SURIYEDEKI TURK TOPRAGI CABER KALESI !!

Caber Kalesi (Arapça: قلعة جعبر‎, Türkçe: Caber, Ca’ber, Cabir, Ceber kalası), Suriye sınırları içinde Fırat Nehri’nin sol kıyısında kalan, fakat Türkiye’nin toprağı sayılan eski bir kaledir.

Tarihçesi

Caber Kalesi Yavuz Sultan Selim devrinde Osmanlı topraklarına katıldı. Osmanlı Devleti’nin kurucusu Osman Bey’in dedesi Süleyman Şah’ın mezarı buradadır. II. Abdülhamit devrinde buradaki türbe yeniden yaptırılmıştır.

Caber Kalesi’nin de içinde bulunduğu bölge I. Dünya Savaşı’nın sonlarına doğru İngilizler tarafından işgal edildi. Daha sonra ise bölge, Suriye’ye bağlanarak Fransız mandasına bırakıldı.
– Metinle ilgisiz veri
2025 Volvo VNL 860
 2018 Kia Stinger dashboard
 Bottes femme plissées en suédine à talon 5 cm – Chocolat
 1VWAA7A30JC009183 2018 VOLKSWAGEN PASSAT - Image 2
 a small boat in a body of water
Türkler için büyük manevi değer taşıyan Caber Kalesi, Fransa ile TBMM Hükûmeti arasında 20 Ekim 1921 tarihinde imzalanan Ankara Antlaşmasının 9. maddesi gereğince, Türk Mezarı adı altında tanınan kabri, müştemilatı ile beraber Türkiye’ye bırakıldı ve Türkiye’ye orada muhafızlar bulundurma ve Türk bayrağını çekme hakkı tanındı.

Türk Karakolu

Türbenin muhafazasını sağlamakla görevli olan Jandarma İhtiram kıtasının ikameti için 30 Mayıs 1938 tarihinde modern bir karakol yaptırıldı. 1939 yılında da eski türbe tamiri imkânsız hâle geldiği için tarihî önem ve özelliğine uygun olarak, karakolun yanında yeni bir türbe inşa ettirildi ve mezar buraya nakledildi.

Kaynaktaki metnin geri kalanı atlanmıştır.